▶ Problem requirements
Within the listing that follows, reproduce exactly the lines starting at the line with "думу Нижнего Новгорода" and ending at the line with "MELLERAY - SUR LE CHEMIN DE CESAR-sarthe", inclusive, and only those. Pictures are dropped.

▶ Data to use
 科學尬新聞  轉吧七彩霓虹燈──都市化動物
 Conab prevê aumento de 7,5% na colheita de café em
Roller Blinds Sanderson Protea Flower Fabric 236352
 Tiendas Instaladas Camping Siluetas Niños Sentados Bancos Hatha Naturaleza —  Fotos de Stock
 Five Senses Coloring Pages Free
* * *
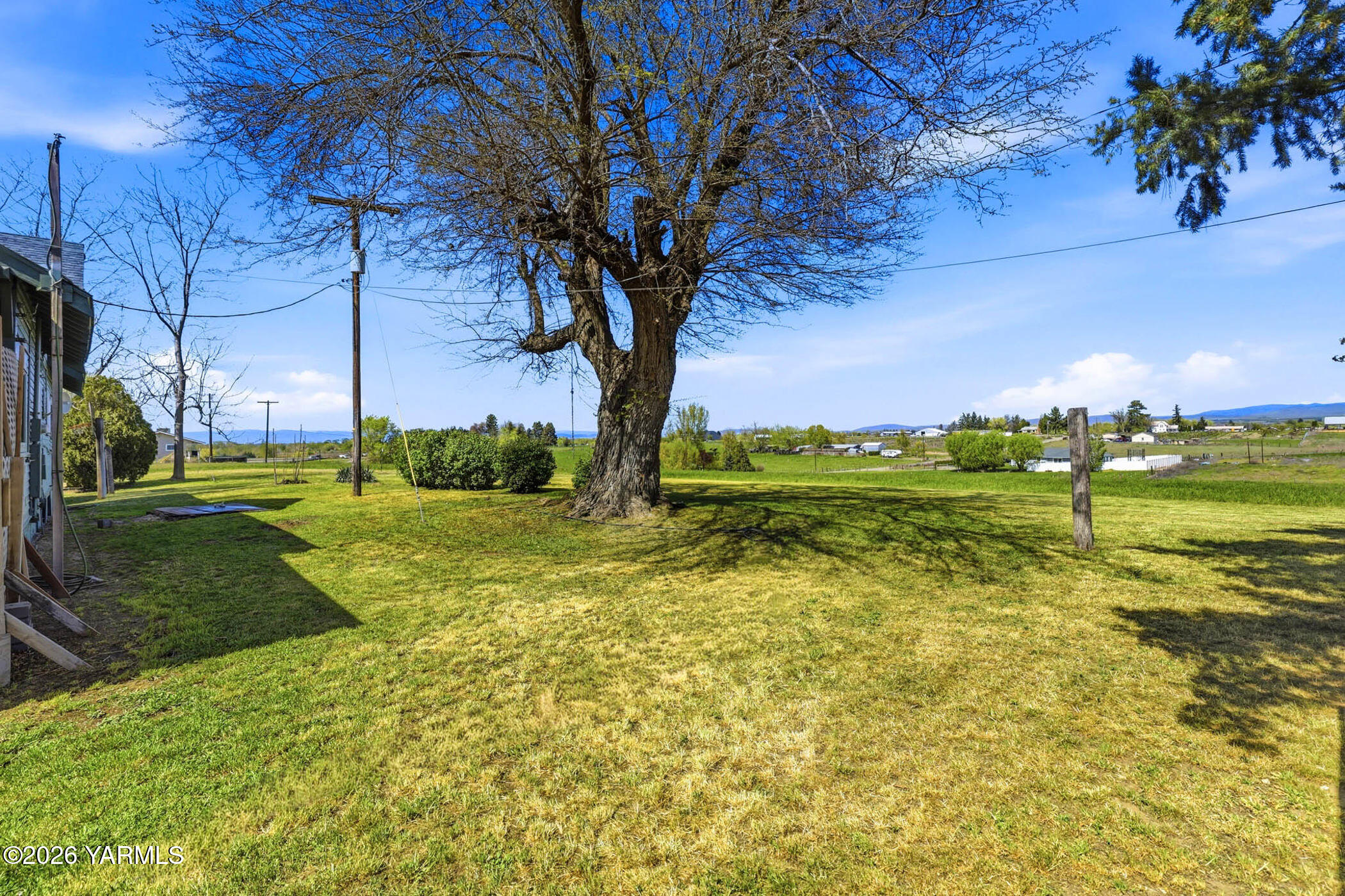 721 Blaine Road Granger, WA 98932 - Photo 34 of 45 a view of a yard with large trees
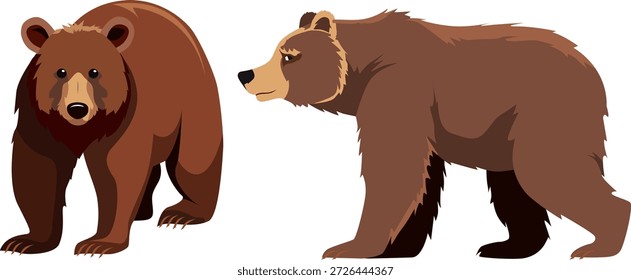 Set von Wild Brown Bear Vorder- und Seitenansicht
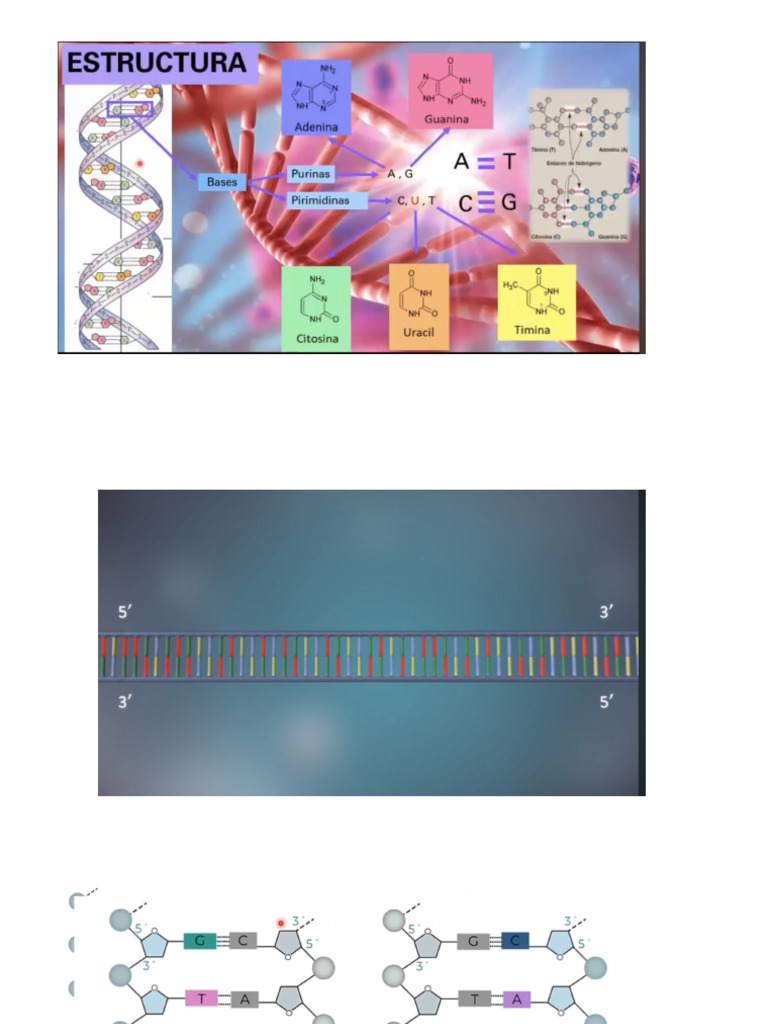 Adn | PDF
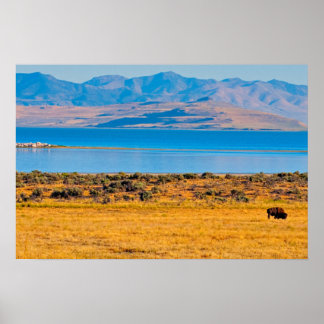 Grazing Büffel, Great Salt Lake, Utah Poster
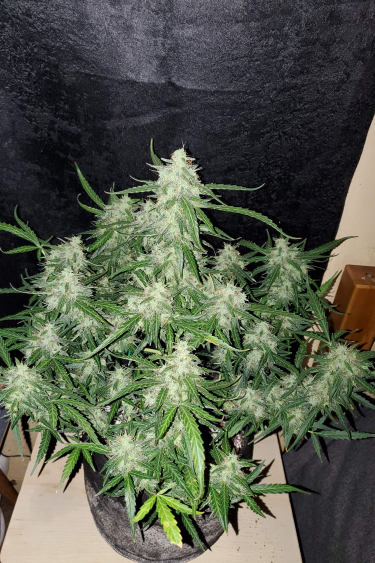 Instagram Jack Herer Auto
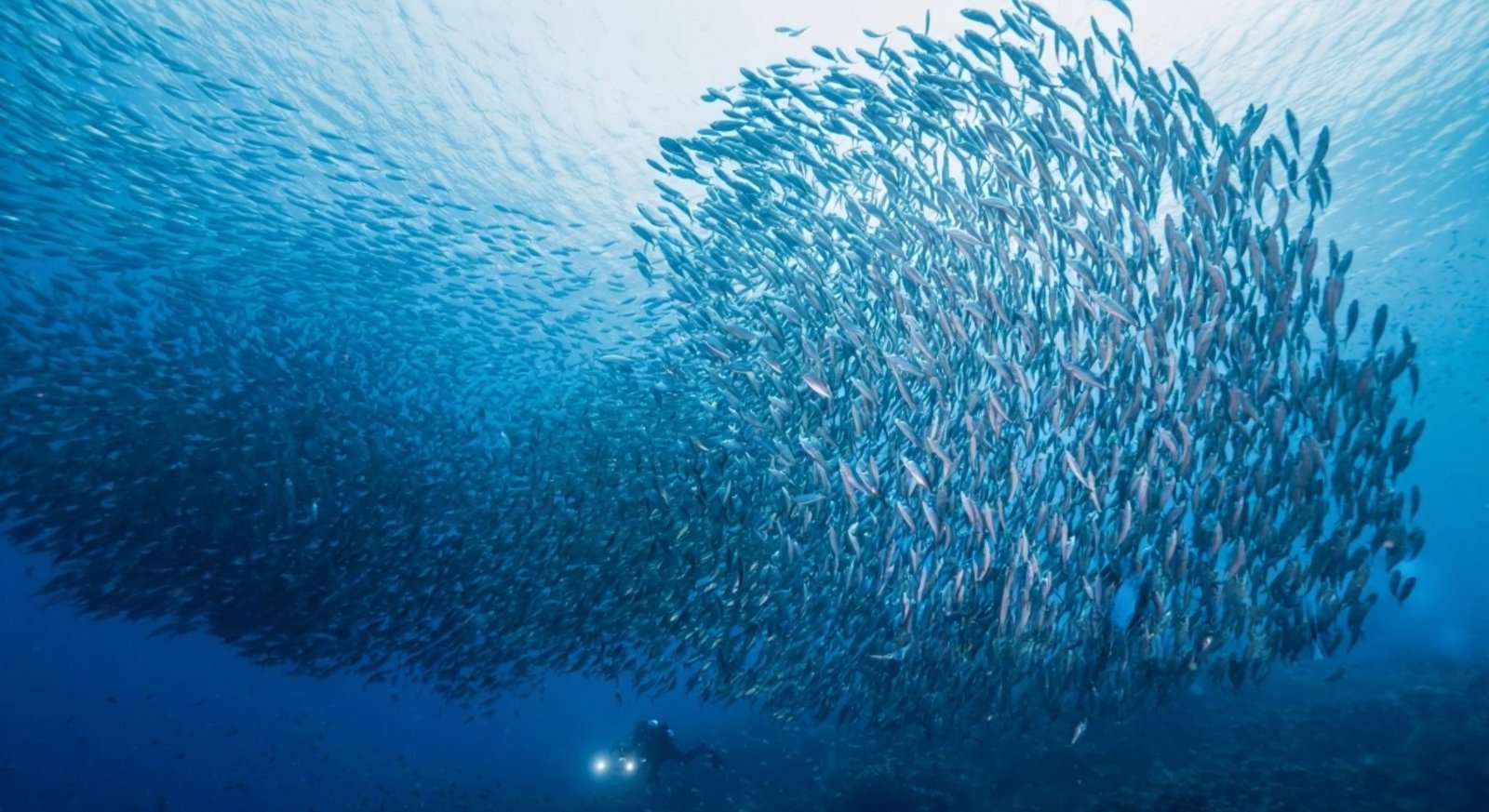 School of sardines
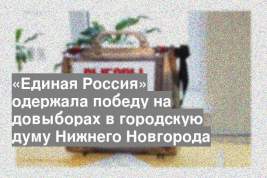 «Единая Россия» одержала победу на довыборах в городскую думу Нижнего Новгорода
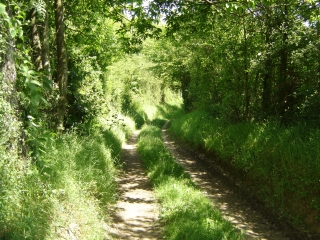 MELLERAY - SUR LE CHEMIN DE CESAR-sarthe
==
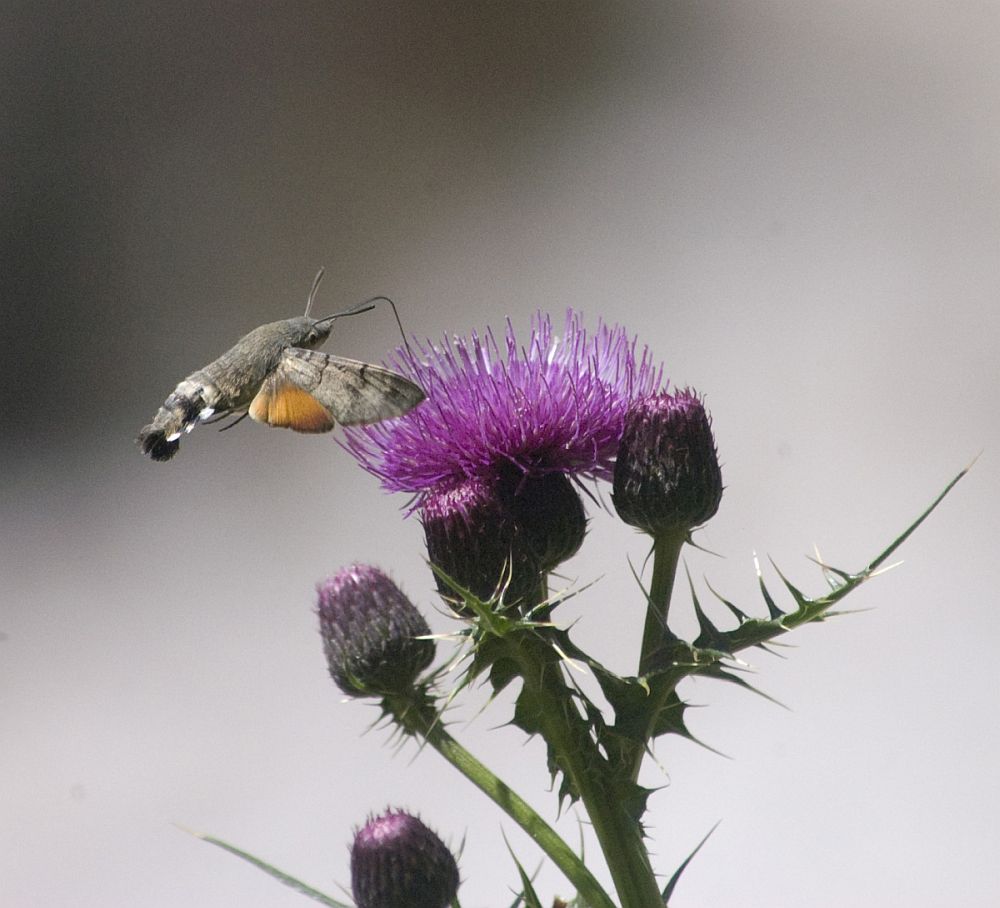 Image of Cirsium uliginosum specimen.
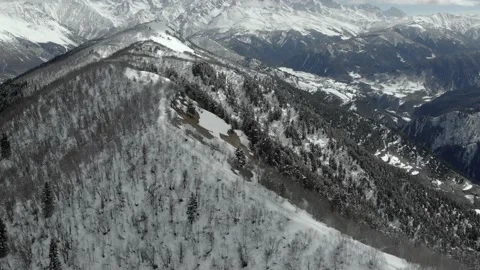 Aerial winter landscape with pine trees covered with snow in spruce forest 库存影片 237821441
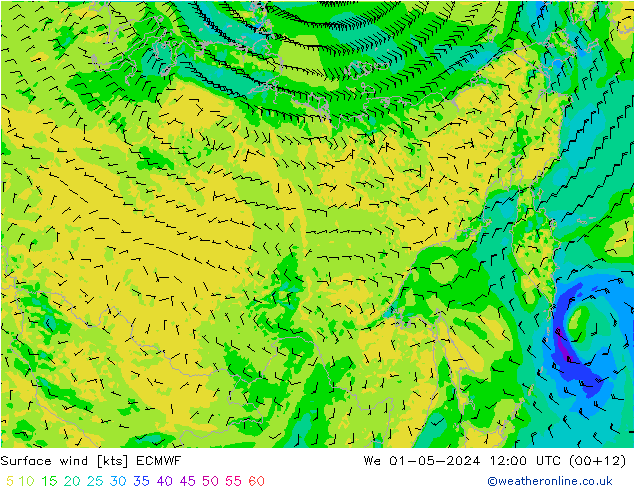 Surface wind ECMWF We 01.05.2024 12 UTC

▶ Task answer
 «Единая Россия» одержала победу на довыборах в городскую думу Нижнего Новгорода
 MELLERAY - SUR LE CHEMIN DE CESAR-sarthe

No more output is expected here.